OpenTelemetry: The Standard for Observability

devops observability

OpenTelemetry has become the standard for observability. Vendor-neutral instrumentation that works everywhere. Here’s how to use it effectively.

What Is OpenTelemetry

OpenTelemetry (OTel) provides:

The Three Pillars

Traces:  Request flow across services
Metrics: Aggregated measurements over time
Logs:    Discrete events with context

OTel unifies all three.

Python Setup

Installation

pip install opentelemetry-api \
            opentelemetry-sdk \
            opentelemetry-instrumentation-django \
            opentelemetry-instrumentation-requests \
            opentelemetry-exporter-otlp

Basic Configuration

# otel_setup.py
from opentelemetry import trace
from opentelemetry.sdk.trace import TracerProvider
from opentelemetry.sdk.trace.export import BatchSpanProcessor
from opentelemetry.exporter.otlp.proto.grpc.trace_exporter import OTLPSpanExporter
from opentelemetry.sdk.resources import Resource

# Create resource
resource = Resource.create({
    "service.name": "my-service",
    "service.version": "1.0.0",
    "deployment.environment": "production"
})

# Create tracer provider
provider = TracerProvider(resource=resource)

# Add exporter
otlp_exporter = OTLPSpanExporter(endpoint="http://localhost:4317")
provider.add_span_processor(BatchSpanProcessor(otlp_exporter))

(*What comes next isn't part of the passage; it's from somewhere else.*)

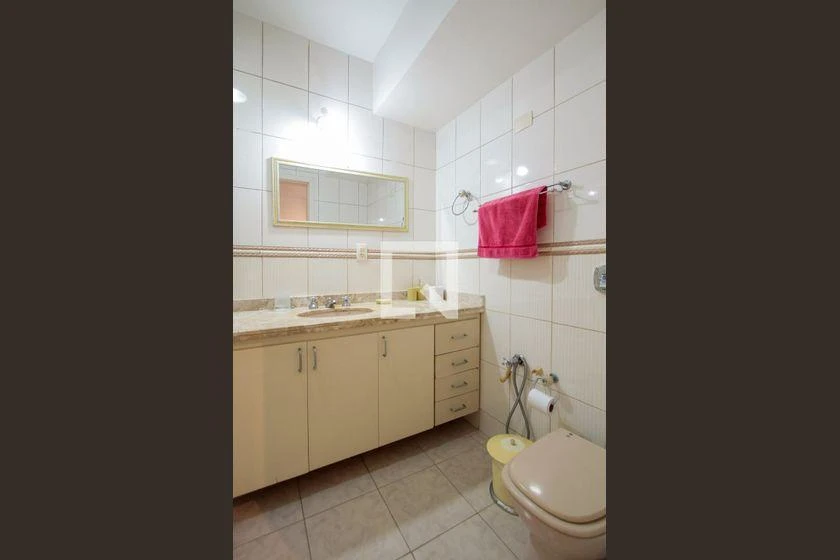 Меблированный дом с 4 спальнями и 3 сьютами, 450 м² — photo 47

# Set global tracer provider
trace.set_tracer_provider(provider)

Django Auto-instrumentation

# manage.py
import os
os.environ.setdefault('DJANGO_SETTINGS_MODULE', 'myproject.settings')

from opentelemetry.instrumentation.django import DjangoInstrumentor
DjangoInstrumentor().instrument()

# Continue with Django setup

Manual Instrumentation

Creating Spans

from opentelemetry import trace

tracer = trace.get_tracer(__name__)

def process_order(order_id):
    with tracer.start_as_current_span("process_order") as span:
        span.set_attribute("order.id", order_id)
        
        # Child span
        with tracer.start_as_current_span("validate_order"):
            validate(order_id)
        
        with tracer.start_as_current_span("charge_payment"):
            charge(order_id)
            
        span.set_attribute("order.status", "completed")

Context Propagation

from opentelemetry import trace
from opentelemetry.propagate import inject, extract

# Inject context into outgoing request
headers = {}
inject(headers)
requests.get("http://other-service/api", headers=headers)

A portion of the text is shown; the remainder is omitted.